God has been teaching me lately that it's not about me. when someone becomes a christian i am quick to allow the thought come into my mind as to how i was a part of their salvation, when really i have nothing to do with it at all. God is the one who saves people not me.. and yet, still somehow i want to attach myself to it like i had something to do with it.
it even happens at the universities or when people hang out and i'm not there. if someone has an amazing conversation with someone or spends some time studying the bible, i am quick to be jealous of them. i ask, "why can't you use me God? why can't i see that?" as in it's all about what i do.
i was reading this week in john and read about how thomas doubted Jesus was alive because he didn't see him. every other disciple saw Him and thomas heard their testimony and yet, still he wanted to see Jesus with his own eyes; to touch Jesus' hands and side. how often i am like thomas. i want to believe God is there working without seeing it. i want to believe that i'm being used even when it feels like i'm not.

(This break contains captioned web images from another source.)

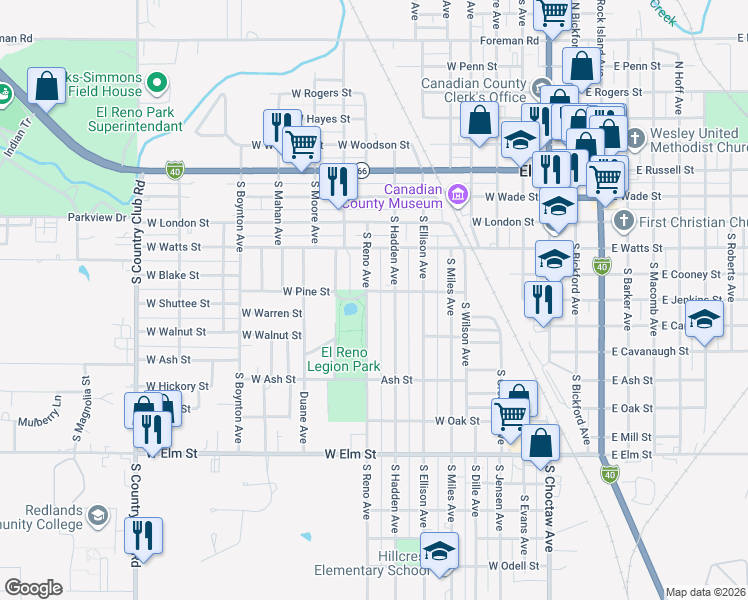 map of restaurants, bars, coffee shops, grocery stores, and more near 614 South Hadden Avenue in El Reno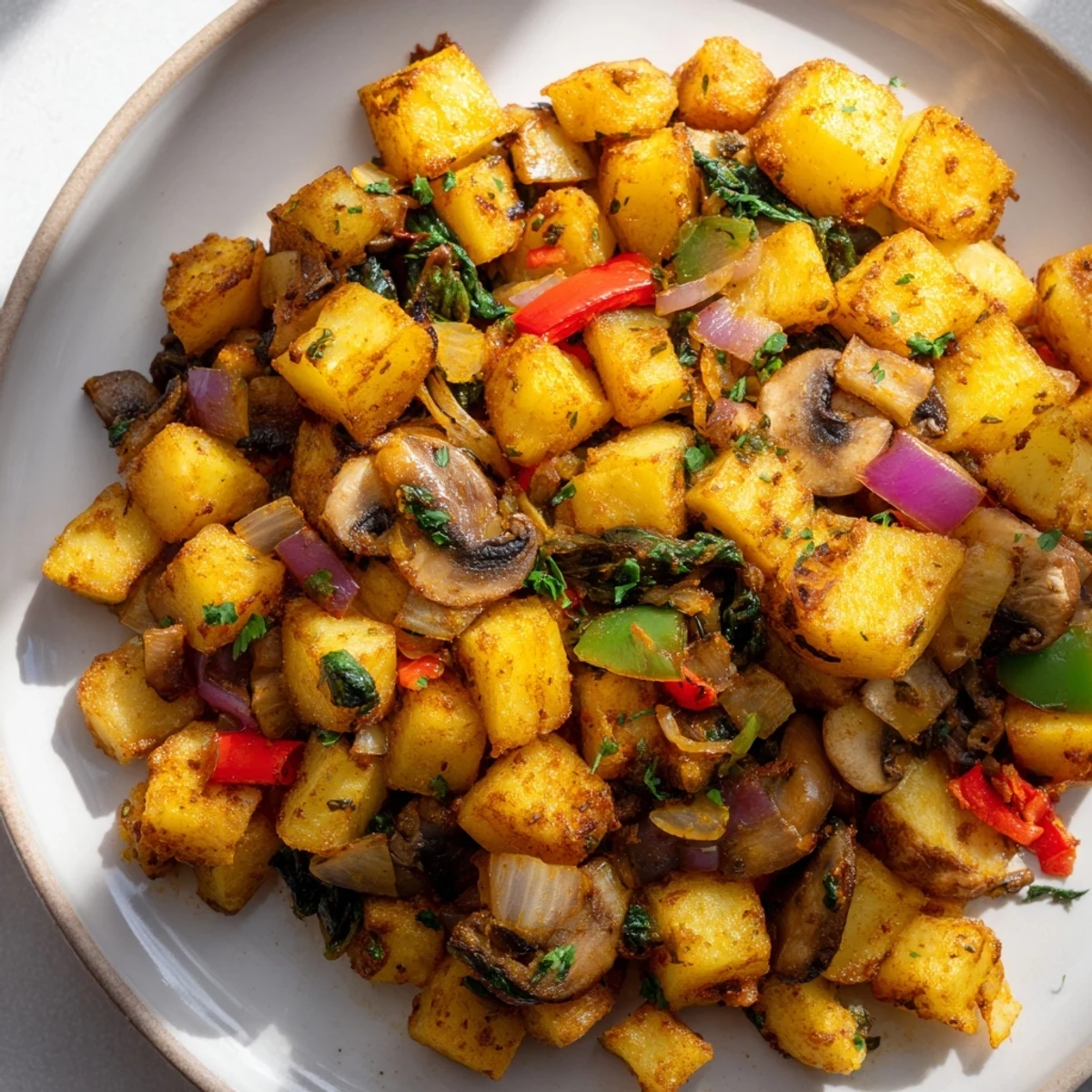 Hearty vegan breakfast hash featuring tender vegetables, spinach, and smoky seasonings on a white plate
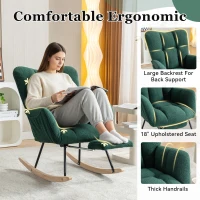 Cozy Teddy Fabric Rocking Chair with Adjustable Footstool, Ergonomic Nursery Chair for Living Room Bedroom, 37-49'' L x 26"W x 35-36" H, Green(m-7)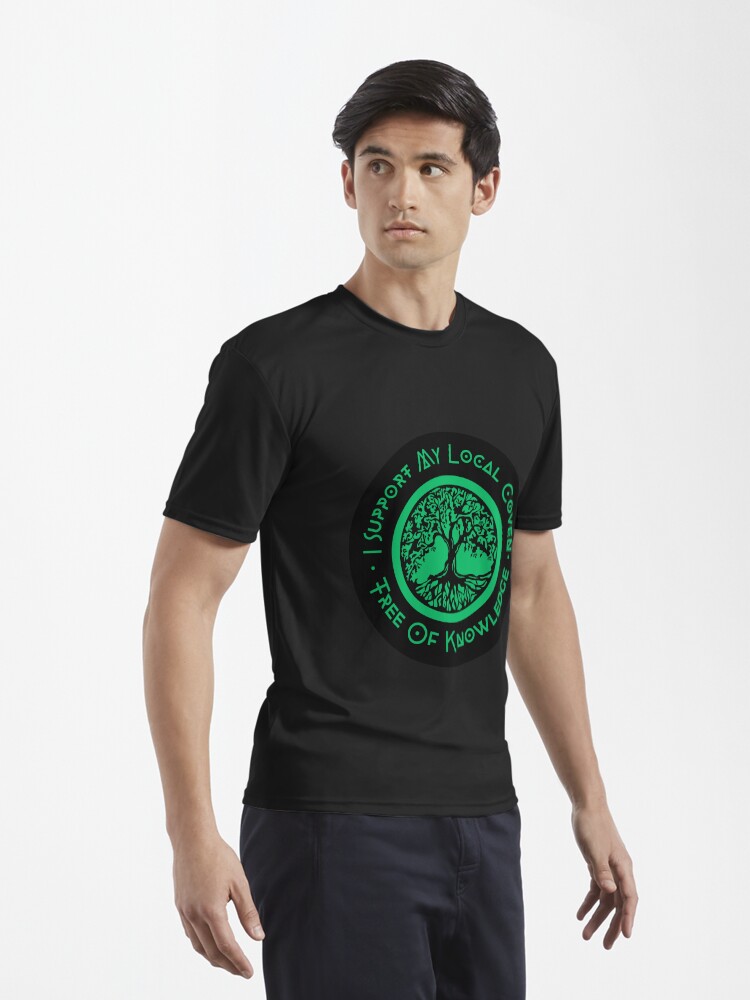 Thumbnail 3 of 7, Active T-Shirt, I Support My Local Coven - Green Tree Logo designed and sold by treeofknowledge.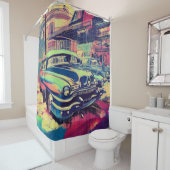 Voitures classiques Abstraites Rideau de douche de (En situation)
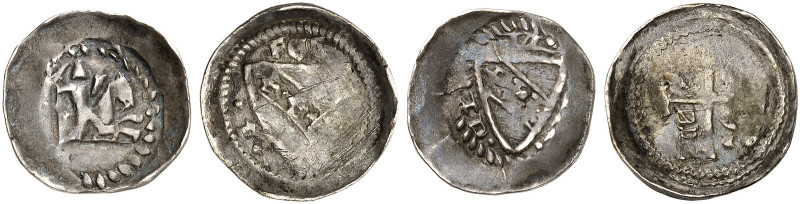 LOTHRINGEN. Ferri III., 1251-1303 
Lot von 2 Stück: Denier. Wappen (R!) / Kreuz...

i feel no shame in admitting this. i am human after all. romans 4, in the message version, part of verse 17 says, "We call Abraham "father" not because he got God's attention by living like a saint, but because God made something out of Abraham when he was a nobody." that gives me hope, because i'm definitely as far away from being a saint as the stars are from the earth. so to know that God will make me, a complete nobody, into someone that can be used by Him gives me a huge comfort. to know that He still loves me and still uses me even when i am jealous and selfish.. that love is too good to be true and yet it is. it's the only way i can continue forward. i have hope.. in Him.